Auch SVP-Politiker und gebürtiger Malcantoneser Tiziano Galeazzi (53) macht Dampf. «Der Kanton ist mit acht Prozent an der Gesellschaft beteiligt», so der Tessiner Grossrat. Warum also wird der Malcantone von der Schifffahrtsgesellschaft geschnitten? Das will Galeazzi nun in einer Anfrage an den Tessiner Staatsrat ganz genau wissen.

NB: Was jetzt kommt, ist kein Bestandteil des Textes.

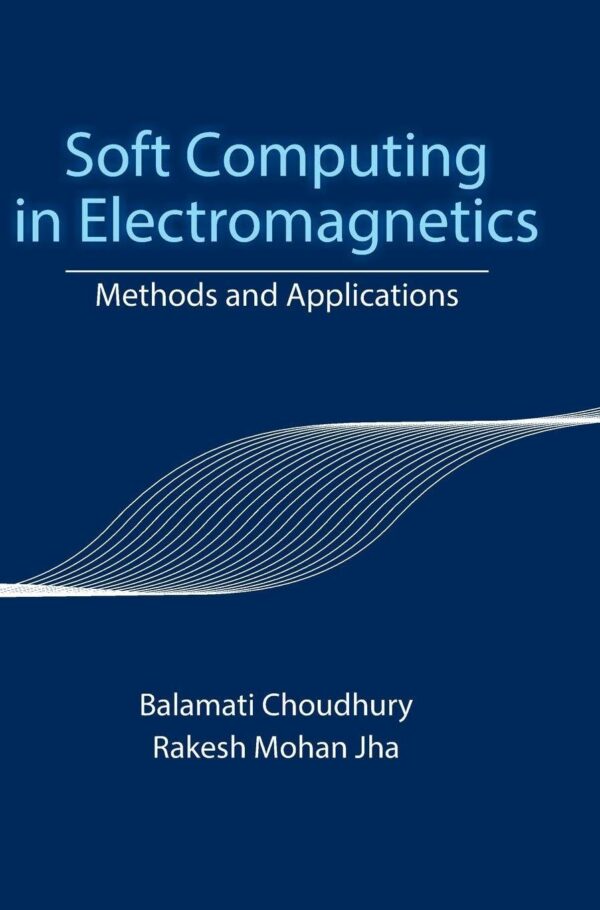 Soft Computing in Electromagnetics: Methods and Applications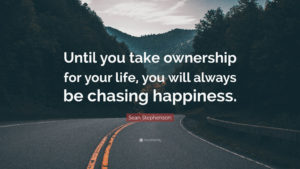 Unless you take ownership of your life, you will always be chasing happiness.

Corona macht alle Pläne hinfällig
Der Präsident der Luganeser Schifffahrtsgesellschaft SNL wehrt sich. «Wir wollten 2020 sogar das Programm ausbauen», sagt Agostino Ferrazzini (56). Doch dann fiel wegen Corona bereits das Ostergeschäft komplett ins Wasser. «Wir haben alle Gemeinden am See gebeten, uns finanziell zu unterstützen», erklärt der Lago-Chef weiter. Doch: «Niemand wollte uns helfen.» Da habe man die teuersten und am wenigsten lukrativen Strecken halt gestrichen. Ferrazzini verspricht: «Sobald die SNL wieder Oberwasser gewinnt, legt die Fähre wieder in Caslano und Ponte Tresa an!»